« L’Opéra » : histoire de la création

« L’Opéra » : histoire de la création

« […] je ne connaissais rien à l’opéra. Ni au fonctionnement d’une telle institution, ni au ballet, ni à l’art lyrique en général… Tout était à découvrir et c’est toujours un bon point de départ : l’envie d’en savoir plus. »

    Ces quelques mots, livrés par le réalisateur lui-même sur la genèse de son documentaire, pourraient être ceux de la plupart des spectateurs qui se sont précipités dans les salles, intrigués par une affiche pour le moins singulière et une institution dont la grandeur impressionne et souvent intimide. Mais en  explorant les coulisses de l’Opéra de Paris, Jean-Stéphane Bron dévoile à travers un œil simple et vif les secrets de la prestigieuse maison.

    On pourrait s’attendre, à la vue du sujet, à un long métrage du même style que Relève, ce documentaire sur le ballet révolutionnaire de Benjamin Millepied, le directeur de la danse de l’Opéra. On y voyait les répétitions des danseurs, sublimés par une réalisation et une esthétique irréprochables, le tout sur la musique entrainante d’Avia. Mais si Relève est l’histoire d’une création, l’Opéra est l’histoire de la création, sous tous ses aspects.

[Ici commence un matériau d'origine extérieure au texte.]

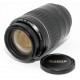 OBJETIVO CANON ULTRASONIC 55-200 F4.5-5.6 II USM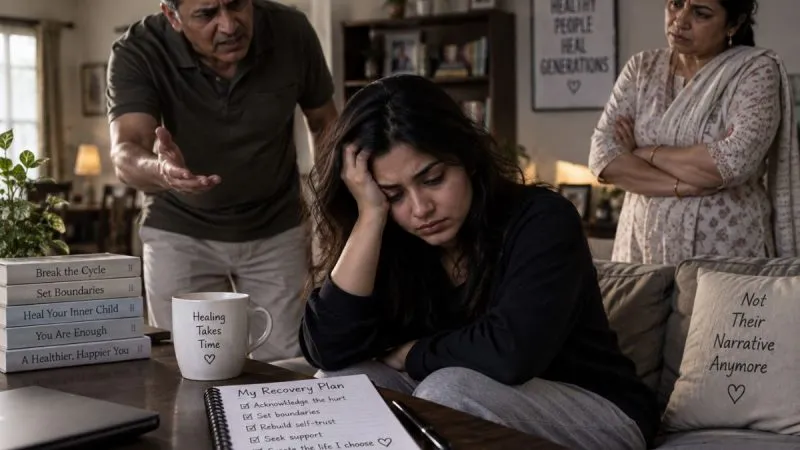How A Manipulative, Toxic Parent Can Ruin Your Entire Life, And How To Recover From It, Step By Step
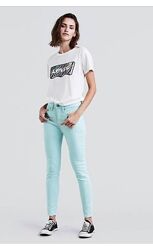 Джинсы Levi&acutes Women&acutes 721 High Rise Skinny Jeans W25 Оригинал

    De la buanderie au salon du Glacier, l’Opéra est exploré de fond en comble et tous ses recoins mis en avant, car tous d’une égale utilité. Ici, on suit tour à tour le directeur et son assistant, les choristes en répétition et l’équipe en réunion, les maquilleuses maniant leurs couleurs et les chorégraphes leurs danseurs. Le réalisateur s’attarde sur quelques personnages clés, comme Stéphane Lissner, le directeur dévoué et attentif, nommé en 2014, ou encore Mikhaïl Timochenko, un jeune baryton venu d’un petit village de Russie et qui découvre, comme nous, les coulisses des opéras Garnier et Bastille. Chaque acteur livre son rôle à la caméra et se retire pour laisser place à son successeur. Et à travers ce mouvement rythmé qui évoque la synchronisation des corps de ballet et l’harmonie des chœurs d’opéra, on voit défiler une infinité de petites mains à l’œuvre, toutes au service et au cœur de la création.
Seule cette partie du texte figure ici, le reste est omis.